▶ **Records shown**:
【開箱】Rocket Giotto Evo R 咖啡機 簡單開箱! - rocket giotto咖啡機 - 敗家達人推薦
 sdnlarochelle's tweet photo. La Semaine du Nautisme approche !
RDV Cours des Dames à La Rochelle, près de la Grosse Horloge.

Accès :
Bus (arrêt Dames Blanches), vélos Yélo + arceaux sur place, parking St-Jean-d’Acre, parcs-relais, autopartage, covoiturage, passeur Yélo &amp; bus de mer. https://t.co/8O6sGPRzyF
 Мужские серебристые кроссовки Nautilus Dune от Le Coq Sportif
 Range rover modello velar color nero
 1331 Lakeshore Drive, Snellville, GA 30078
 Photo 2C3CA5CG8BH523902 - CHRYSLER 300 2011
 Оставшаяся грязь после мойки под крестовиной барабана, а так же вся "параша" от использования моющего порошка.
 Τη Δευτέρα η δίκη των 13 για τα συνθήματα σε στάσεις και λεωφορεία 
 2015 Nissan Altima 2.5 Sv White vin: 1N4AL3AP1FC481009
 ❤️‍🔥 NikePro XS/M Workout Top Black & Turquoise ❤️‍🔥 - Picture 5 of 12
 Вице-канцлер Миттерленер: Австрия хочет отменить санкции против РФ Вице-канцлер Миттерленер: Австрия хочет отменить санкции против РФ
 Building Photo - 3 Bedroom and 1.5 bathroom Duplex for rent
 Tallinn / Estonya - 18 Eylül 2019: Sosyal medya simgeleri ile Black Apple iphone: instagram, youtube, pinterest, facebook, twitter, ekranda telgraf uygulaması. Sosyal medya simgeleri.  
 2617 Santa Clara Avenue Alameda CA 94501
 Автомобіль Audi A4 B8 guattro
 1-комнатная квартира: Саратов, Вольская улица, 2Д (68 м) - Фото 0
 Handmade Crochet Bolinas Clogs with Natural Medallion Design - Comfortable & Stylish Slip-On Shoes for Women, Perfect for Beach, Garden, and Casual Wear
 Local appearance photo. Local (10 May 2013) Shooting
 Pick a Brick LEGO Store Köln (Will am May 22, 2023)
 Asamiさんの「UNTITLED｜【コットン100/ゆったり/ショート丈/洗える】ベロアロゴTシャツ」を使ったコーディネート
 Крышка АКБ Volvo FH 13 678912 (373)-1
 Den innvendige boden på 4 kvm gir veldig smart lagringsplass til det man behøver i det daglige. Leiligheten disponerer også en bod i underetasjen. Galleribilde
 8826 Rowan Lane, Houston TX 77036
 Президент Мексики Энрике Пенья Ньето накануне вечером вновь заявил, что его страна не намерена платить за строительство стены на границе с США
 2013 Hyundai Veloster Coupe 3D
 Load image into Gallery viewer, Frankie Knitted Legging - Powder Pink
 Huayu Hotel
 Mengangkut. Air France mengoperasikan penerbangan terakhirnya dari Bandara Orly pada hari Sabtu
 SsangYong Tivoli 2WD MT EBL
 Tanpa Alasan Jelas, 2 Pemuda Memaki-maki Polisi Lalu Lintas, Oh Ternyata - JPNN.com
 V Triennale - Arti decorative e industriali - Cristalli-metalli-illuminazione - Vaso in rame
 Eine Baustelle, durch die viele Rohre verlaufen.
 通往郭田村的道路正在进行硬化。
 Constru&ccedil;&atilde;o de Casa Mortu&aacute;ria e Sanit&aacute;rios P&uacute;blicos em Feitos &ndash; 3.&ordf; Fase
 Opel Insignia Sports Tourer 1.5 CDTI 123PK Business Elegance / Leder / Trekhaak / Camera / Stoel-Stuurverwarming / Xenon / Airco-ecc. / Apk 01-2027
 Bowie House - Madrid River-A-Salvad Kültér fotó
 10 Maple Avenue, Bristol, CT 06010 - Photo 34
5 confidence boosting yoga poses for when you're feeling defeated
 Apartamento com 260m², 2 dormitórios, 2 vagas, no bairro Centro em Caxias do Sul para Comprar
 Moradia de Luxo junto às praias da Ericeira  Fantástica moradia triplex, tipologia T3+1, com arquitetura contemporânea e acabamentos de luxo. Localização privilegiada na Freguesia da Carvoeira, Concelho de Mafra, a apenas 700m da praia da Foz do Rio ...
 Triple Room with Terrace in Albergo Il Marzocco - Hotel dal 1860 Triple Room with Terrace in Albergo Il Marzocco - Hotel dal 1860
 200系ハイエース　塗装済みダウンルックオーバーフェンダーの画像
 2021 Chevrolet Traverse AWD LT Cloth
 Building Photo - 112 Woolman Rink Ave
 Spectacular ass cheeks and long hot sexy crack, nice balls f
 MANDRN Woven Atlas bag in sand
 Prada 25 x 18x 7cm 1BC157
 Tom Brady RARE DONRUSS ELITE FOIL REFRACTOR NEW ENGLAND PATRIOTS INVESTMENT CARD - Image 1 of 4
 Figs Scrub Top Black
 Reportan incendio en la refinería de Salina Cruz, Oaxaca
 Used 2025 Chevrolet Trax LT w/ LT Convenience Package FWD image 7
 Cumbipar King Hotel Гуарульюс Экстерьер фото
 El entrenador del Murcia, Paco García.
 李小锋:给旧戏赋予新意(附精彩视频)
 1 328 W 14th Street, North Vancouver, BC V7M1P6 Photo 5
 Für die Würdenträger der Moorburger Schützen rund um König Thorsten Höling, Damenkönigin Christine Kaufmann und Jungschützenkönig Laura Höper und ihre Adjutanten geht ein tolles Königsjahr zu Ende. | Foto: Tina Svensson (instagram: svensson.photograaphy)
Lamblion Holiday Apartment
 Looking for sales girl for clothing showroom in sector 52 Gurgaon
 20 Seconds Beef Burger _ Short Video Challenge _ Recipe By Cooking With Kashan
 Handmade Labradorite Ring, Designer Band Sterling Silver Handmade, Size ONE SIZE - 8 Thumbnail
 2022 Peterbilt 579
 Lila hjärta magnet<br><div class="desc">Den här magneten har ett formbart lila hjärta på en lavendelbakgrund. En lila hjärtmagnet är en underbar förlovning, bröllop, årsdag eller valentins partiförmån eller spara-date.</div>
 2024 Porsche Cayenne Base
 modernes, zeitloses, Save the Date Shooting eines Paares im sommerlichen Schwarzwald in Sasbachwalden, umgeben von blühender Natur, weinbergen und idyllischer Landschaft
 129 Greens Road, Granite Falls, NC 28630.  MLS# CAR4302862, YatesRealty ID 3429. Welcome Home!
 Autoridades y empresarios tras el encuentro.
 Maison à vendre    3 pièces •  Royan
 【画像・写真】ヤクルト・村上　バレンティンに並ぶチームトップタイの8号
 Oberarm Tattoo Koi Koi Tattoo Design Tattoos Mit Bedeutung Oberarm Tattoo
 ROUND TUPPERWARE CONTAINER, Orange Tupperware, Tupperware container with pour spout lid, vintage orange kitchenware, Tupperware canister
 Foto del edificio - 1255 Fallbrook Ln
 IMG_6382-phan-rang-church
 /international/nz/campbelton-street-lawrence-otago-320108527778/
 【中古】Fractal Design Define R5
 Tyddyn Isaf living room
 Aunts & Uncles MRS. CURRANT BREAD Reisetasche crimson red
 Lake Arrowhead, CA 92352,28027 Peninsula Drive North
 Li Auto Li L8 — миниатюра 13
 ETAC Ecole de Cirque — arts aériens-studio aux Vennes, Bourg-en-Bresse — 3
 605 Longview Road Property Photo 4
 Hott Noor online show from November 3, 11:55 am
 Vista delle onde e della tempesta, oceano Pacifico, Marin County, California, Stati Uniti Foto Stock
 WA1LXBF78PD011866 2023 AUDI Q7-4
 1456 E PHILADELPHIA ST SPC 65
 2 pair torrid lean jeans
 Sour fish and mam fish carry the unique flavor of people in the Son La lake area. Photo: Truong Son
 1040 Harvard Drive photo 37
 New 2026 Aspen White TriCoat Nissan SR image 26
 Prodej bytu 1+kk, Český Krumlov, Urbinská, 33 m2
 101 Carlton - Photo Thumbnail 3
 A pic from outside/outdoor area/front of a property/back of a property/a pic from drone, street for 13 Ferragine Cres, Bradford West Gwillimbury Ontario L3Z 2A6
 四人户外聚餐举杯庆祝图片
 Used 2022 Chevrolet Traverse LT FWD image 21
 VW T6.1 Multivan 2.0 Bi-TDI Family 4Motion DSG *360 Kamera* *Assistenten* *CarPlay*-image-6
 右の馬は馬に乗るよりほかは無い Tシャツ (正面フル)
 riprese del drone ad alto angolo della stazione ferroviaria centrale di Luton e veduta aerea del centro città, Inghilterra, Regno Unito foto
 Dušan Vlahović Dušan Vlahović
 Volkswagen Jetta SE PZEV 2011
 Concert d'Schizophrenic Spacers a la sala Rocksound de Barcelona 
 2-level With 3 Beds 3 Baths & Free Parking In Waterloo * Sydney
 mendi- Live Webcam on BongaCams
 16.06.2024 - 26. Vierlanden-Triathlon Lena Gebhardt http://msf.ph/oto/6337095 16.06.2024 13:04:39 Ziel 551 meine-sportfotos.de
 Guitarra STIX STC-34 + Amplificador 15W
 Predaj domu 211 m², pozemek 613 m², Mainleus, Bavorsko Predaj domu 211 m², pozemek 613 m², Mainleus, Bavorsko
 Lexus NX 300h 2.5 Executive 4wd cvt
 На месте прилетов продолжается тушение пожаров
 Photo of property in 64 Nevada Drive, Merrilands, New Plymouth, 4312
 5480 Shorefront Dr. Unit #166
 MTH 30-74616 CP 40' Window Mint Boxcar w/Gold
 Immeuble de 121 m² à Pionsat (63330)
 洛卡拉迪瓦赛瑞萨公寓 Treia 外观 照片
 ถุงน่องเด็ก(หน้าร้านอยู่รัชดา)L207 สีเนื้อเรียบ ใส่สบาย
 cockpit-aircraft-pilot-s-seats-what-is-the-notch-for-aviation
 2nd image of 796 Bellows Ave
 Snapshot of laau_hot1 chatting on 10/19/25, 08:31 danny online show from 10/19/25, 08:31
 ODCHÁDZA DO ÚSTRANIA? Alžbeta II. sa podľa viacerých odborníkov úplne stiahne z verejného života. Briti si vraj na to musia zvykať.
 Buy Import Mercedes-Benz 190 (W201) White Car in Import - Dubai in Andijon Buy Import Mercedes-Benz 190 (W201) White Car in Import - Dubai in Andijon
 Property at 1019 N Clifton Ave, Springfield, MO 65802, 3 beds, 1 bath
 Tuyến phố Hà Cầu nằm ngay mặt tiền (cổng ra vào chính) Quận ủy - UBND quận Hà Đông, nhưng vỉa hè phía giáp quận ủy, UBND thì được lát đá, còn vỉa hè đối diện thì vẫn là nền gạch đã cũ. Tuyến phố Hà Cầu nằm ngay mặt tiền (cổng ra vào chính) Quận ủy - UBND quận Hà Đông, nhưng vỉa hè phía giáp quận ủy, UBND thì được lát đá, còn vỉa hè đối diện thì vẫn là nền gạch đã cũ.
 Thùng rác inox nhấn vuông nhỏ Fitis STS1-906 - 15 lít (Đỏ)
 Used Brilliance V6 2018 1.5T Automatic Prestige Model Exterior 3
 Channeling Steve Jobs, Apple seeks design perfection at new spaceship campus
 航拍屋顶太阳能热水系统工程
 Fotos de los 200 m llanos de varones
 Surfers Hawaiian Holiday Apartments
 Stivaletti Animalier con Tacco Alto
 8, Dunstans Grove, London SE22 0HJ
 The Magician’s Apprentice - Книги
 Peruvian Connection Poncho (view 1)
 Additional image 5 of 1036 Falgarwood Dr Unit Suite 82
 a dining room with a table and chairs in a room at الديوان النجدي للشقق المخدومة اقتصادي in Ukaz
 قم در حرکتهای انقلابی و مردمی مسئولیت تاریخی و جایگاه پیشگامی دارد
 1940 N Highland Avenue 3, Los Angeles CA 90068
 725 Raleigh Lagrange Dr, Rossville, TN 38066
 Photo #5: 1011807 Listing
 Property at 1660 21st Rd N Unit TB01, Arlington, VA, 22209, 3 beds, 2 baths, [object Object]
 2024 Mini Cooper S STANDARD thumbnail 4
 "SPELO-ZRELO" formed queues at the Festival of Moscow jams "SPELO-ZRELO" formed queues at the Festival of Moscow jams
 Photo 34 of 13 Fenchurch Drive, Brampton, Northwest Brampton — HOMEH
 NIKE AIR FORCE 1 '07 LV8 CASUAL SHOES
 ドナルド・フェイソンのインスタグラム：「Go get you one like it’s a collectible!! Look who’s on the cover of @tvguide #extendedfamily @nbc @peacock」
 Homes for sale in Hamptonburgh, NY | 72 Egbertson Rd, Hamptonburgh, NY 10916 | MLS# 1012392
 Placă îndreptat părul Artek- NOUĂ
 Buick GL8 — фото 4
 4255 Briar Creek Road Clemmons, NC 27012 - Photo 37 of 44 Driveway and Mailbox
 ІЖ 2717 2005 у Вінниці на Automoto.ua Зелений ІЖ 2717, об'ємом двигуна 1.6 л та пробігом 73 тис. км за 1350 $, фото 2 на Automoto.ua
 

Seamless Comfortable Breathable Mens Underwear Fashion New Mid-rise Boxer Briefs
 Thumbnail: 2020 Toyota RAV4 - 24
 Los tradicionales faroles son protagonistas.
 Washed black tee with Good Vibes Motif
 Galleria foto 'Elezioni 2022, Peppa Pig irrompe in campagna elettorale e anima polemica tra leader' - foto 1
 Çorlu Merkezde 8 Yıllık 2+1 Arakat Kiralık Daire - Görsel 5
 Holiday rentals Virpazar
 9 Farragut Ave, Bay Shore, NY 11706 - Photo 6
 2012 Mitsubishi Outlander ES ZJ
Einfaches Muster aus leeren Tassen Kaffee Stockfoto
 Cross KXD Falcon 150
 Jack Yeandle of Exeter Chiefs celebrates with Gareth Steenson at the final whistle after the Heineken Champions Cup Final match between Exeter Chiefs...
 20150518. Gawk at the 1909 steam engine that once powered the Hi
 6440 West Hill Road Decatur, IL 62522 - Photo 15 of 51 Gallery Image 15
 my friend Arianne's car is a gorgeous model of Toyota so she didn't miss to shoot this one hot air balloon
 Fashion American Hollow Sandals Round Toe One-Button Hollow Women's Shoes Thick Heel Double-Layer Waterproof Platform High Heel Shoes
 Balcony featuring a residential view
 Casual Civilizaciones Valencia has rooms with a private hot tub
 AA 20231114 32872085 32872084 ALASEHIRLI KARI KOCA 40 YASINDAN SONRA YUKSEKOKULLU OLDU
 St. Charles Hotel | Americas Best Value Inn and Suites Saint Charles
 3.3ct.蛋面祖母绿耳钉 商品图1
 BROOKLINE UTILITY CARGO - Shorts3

▶ **Exercise prompt**:
All that belongs in the answer is an exact copy of the lines from the start of the records above through the line with "Mengangkut. Air France".

▶ **Written response**:
【開箱】Rocket Giotto Evo R 咖啡機 簡單開箱! - rocket giotto咖啡機 - 敗家達人推薦
 sdnlarochelle's tweet photo. La Semaine du Nautisme approche !
RDV Cours des Dames à La Rochelle, près de la Grosse Horloge.

Accès :
Bus (arrêt Dames Blanches), vélos Yélo + arceaux sur place, parking St-Jean-d’Acre, parcs-relais, autopartage, covoiturage, passeur Yélo &amp; bus de mer. https://t.co/8O6sGPRzyF
 Мужские серебристые кроссовки Nautilus Dune от Le Coq Sportif
 Range rover modello velar color nero
 1331 Lakeshore Drive, Snellville, GA 30078
 Photo 2C3CA5CG8BH523902 - CHRYSLER 300 2011
 Оставшаяся грязь после мойки под крестовиной барабана, а так же вся "параша" от использования моющего порошка.
 Τη Δευτέρα η δίκη των 13 για τα συνθήματα σε στάσεις και λεωφορεία 
 2015 Nissan Altima 2.5 Sv White vin: 1N4AL3AP1FC481009
 ❤️‍🔥 NikePro XS/M Workout Top Black & Turquoise ❤️‍🔥 - Picture 5 of 12
 Вице-канцлер Миттерленер: Австрия хочет отменить санкции против РФ Вице-канцлер Миттерленер: Австрия хочет отменить санкции против РФ
 Building Photo - 3 Bedroom and 1.5 bathroom Duplex for rent
 Tallinn / Estonya - 18 Eylül 2019: Sosyal medya simgeleri ile Black Apple iphone: instagram, youtube, pinterest, facebook, twitter, ekranda telgraf uygulaması. Sosyal medya simgeleri.  
 2617 Santa Clara Avenue Alameda CA 94501
 Автомобіль Audi A4 B8 guattro
 1-комнатная квартира: Саратов, Вольская улица, 2Д (68 м) - Фото 0
 Handmade Crochet Bolinas Clogs with Natural Medallion Design - Comfortable & Stylish Slip-On Shoes for Women, Perfect for Beach, Garden, and Casual Wear
 Local appearance photo. Local (10 May 2013) Shooting
 Pick a Brick LEGO Store Köln (Will am May 22, 2023)
 Asamiさんの「UNTITLED｜【コットン100/ゆったり/ショート丈/洗える】ベロアロゴTシャツ」を使ったコーディネート
 Крышка АКБ Volvo FH 13 678912 (373)-1
 Den innvendige boden på 4 kvm gir veldig smart lagringsplass til det man behøver i det daglige. Leiligheten disponerer også en bod i underetasjen. Galleribilde
 8826 Rowan Lane, Houston TX 77036
 Президент Мексики Энрике Пенья Ньето накануне вечером вновь заявил, что его страна не намерена платить за строительство стены на границе с США
 2013 Hyundai Veloster Coupe 3D
 Load image into Gallery viewer, Frankie Knitted Legging - Powder Pink
 Huayu Hotel
 Mengangkut. Air France mengoperasikan penerbangan terakhirnya dari Bandara Orly pada hari Sabtu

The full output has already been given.